28.07.2003  00:00 Uhr
Arthrose

Therapie-Mix plus Bewegung ist sinnvoll

von Sabine Schellerer, München

Obwohl es derzeit keine kausale Therapie gegen Arthrose gibt, lässt sich die Beweglichkeit arthrotisch veränderter Gelenke lange erhalten. Dazu müssen aber schmerzhafte Entzündungen gestoppt und die Gelenkfunktion verbessert werden.
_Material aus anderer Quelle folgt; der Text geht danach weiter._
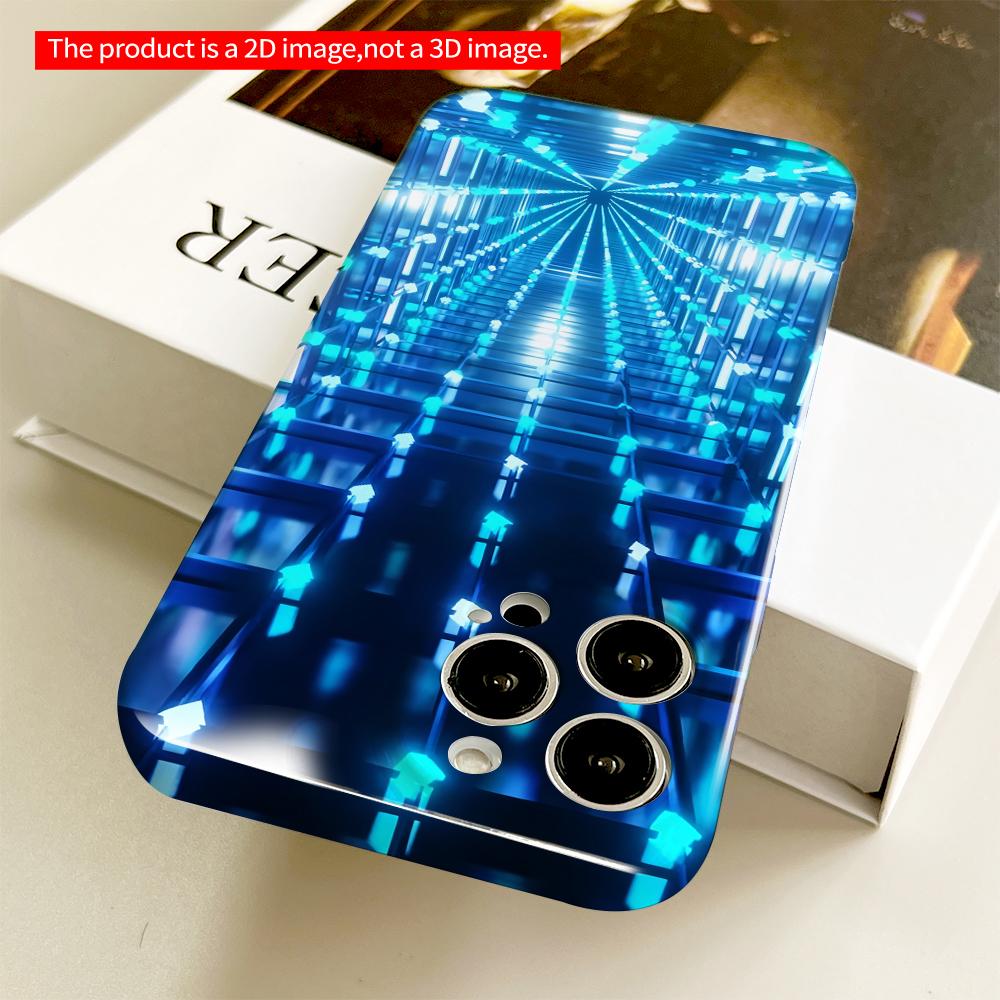 2DFlat Blue Neon Tunnel Light Maze All Inclusive Film Hard Phone Case, Compatible with iPhone 18 Pro Max 17 16 15 14 13 12 11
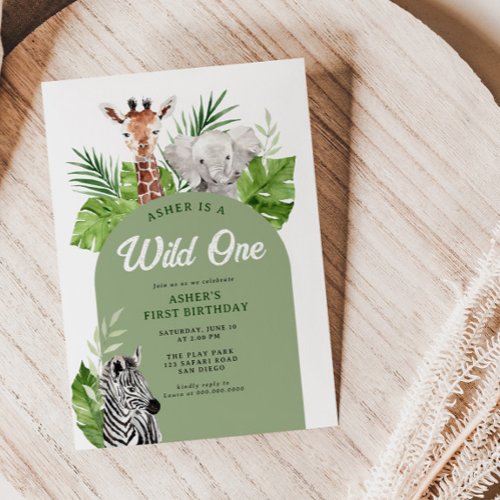 Wild One Safari Animals 1st Birthday Invitation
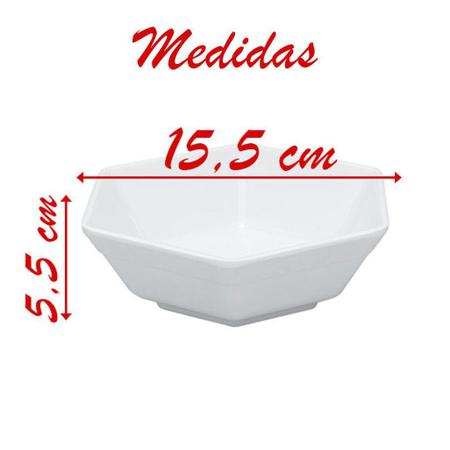 Imagem de Kit 04 Tigelas Melamina Hexagonal Branca 430Ml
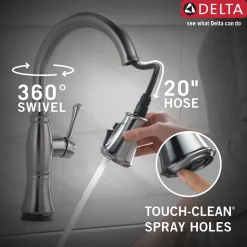 Delta Cassidy Single Handle Pull-Down Kitchen Faucet with TouchO and ShieldSpray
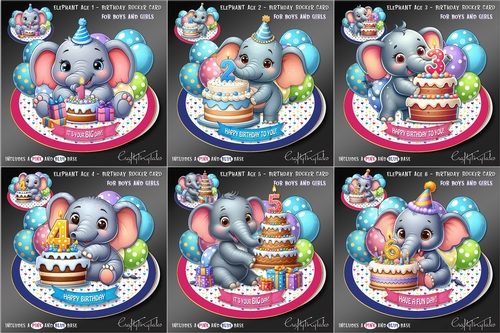 Birthday Ages 1-6 Elephant Rocker Card BUNDLE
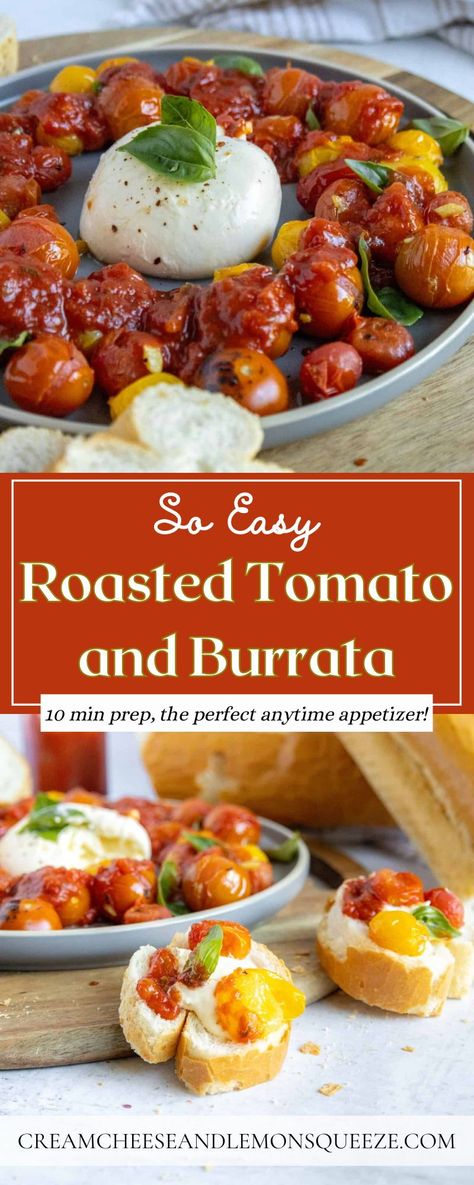 If you’re looking for a super simple appetizer recipe to kick off your next dinner party or ladies’ night gathering, this Roasted Tomato and Burrata Appetizer is for you. Made with just 9 ingredients and only about 10 minutes of active prep time, these sinfully delicious slow-roasted tomatoes with burrata cheese couldn’t be easier to whip up! Paired with crusty baguette for the perfect bite. Roasted Tomato Burrata Crostini, Burrata Dip Recipe, Baratta Cheese Appetizers, Sundried Tomato Appetizer, Roasted Tomatoes And Burrata, Buratta Appetizer Cold, Buratta Bruschetta, Recipes With Burrata Cheese, Burrata Recipe Appetizers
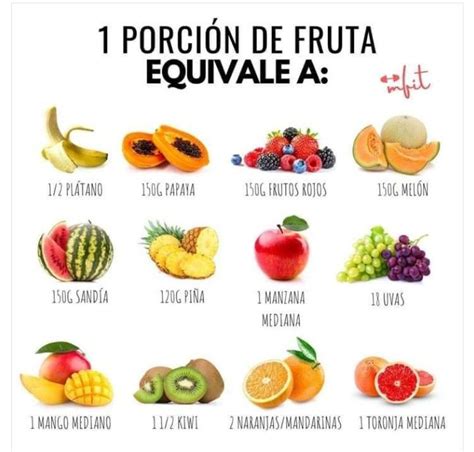 Porciones de frutas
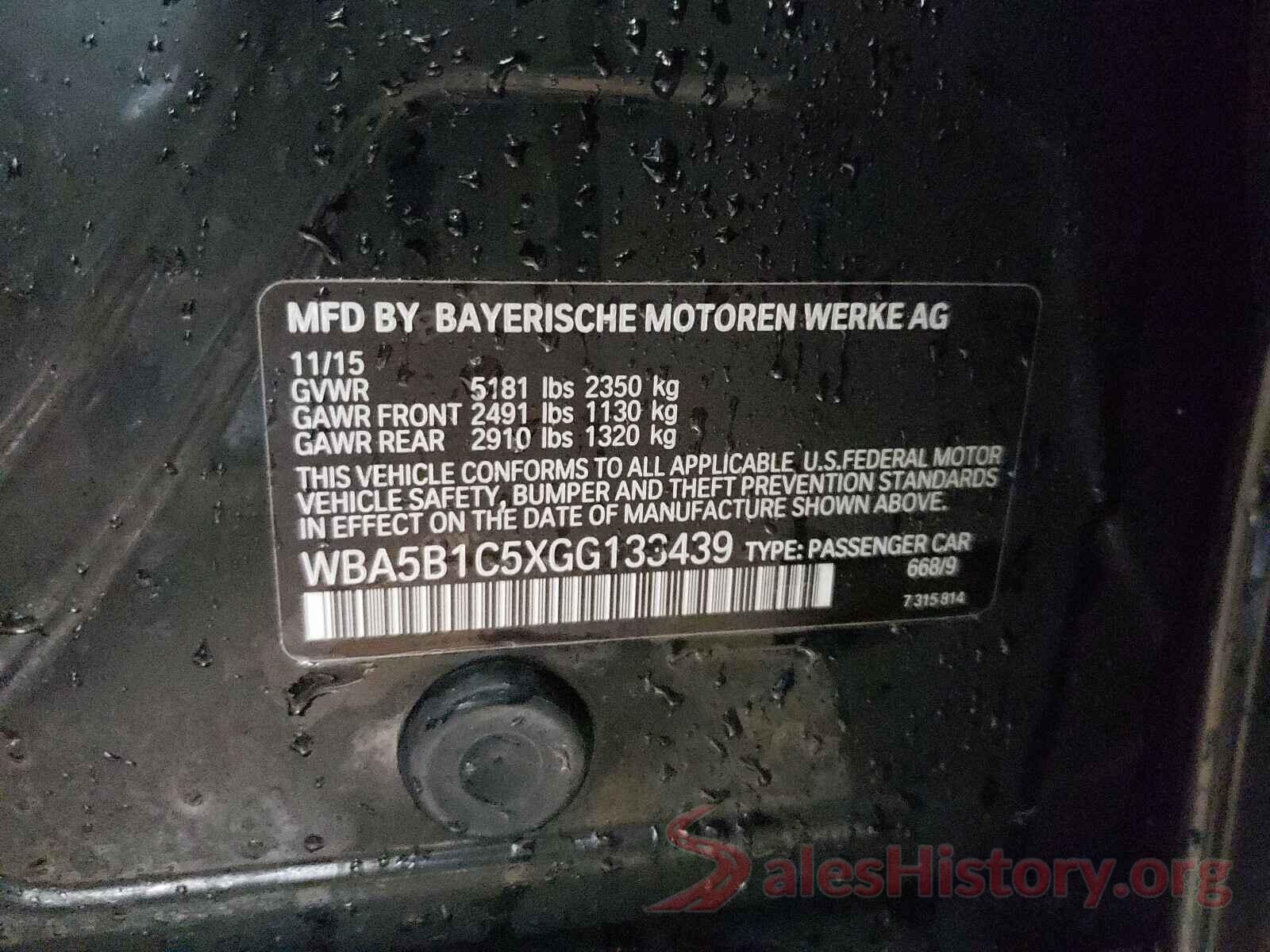 WBA5B1C5XGG133439 2016 BMW 5 SERIES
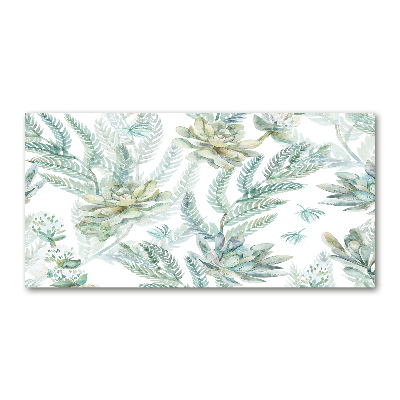 Quadro vetro acrilico Fiori e foglie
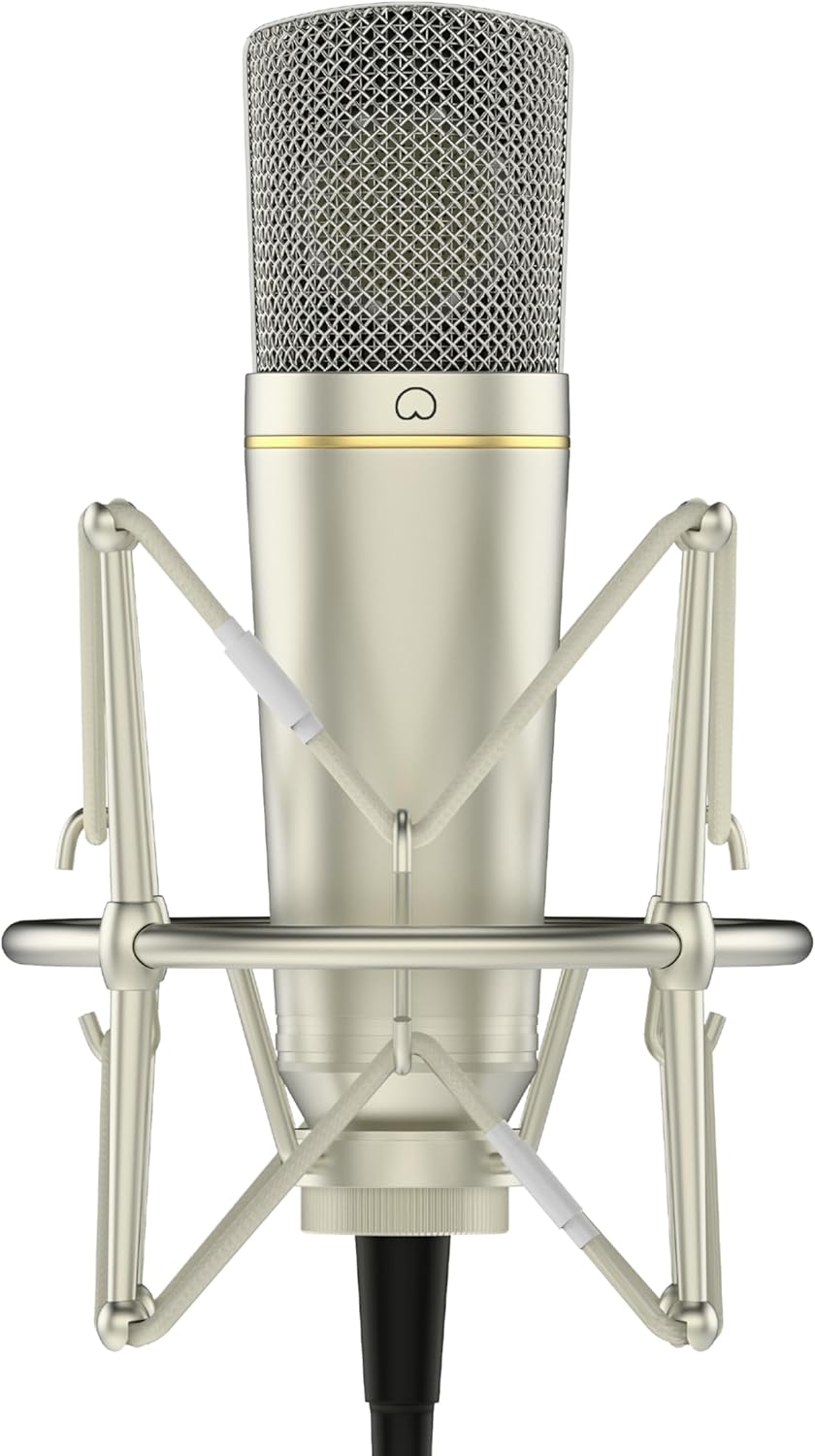 MA-67 Studio Condenser Microphone, 34mm Gold Large Diaphragm Capsule, Including Hydro Pop Filter, Metal Shock Mount, XLR Cable and Mic Bag - For Music Production, Vocal Recording and Podcasting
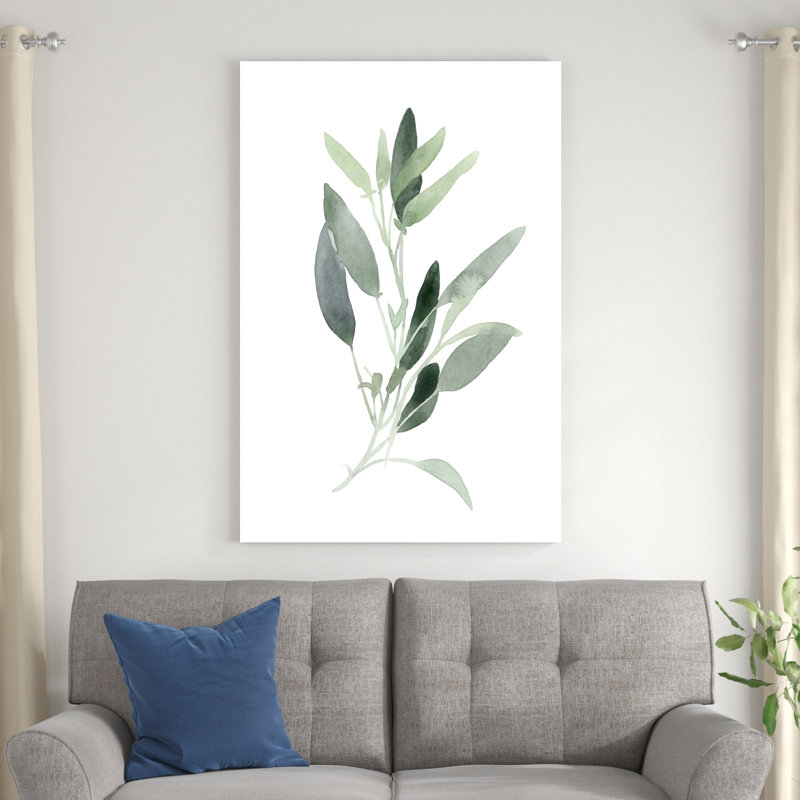 " Simple Sage III " by Emma Scarvey Painting Print, 48" H x 32" W x 1.25" D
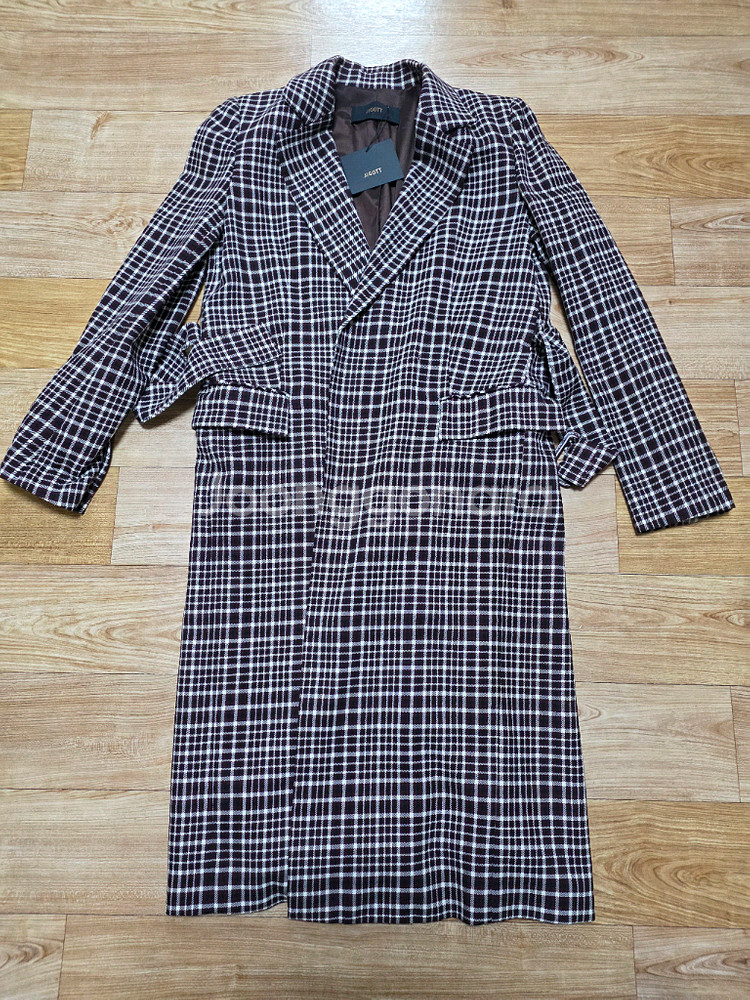 체크 셋업 롱코트와 스커트--0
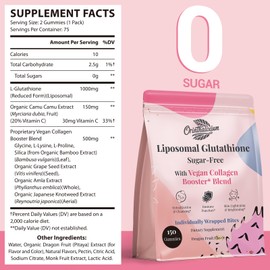 Orinthalixium Liposomal Glutathione Gummies 1000MG - Sugar Free Reduced L-Glutathione with Vitamin C & Vegan Collagen - Antioxidant & Skin Wellness - 150 Count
„Gerät das natürliche Gleichgewicht zwischen degenerativen und reparativen Prozessen am Knorpel aus dem Lot, entsteht eine Arthrose“, erklärte die leitende Ärztin Dr. Rieke Alten von der Berliner Schlosspark-Klinik für Rheumatologie und Physikalische Therapie auf einem von Merckle unterstützten Pressegespräch in München. Im gesunden Gelenk überzieht ein glattes, zartes Häutchen die Knochen und gewährleistet eine optimale Beweglichkeit.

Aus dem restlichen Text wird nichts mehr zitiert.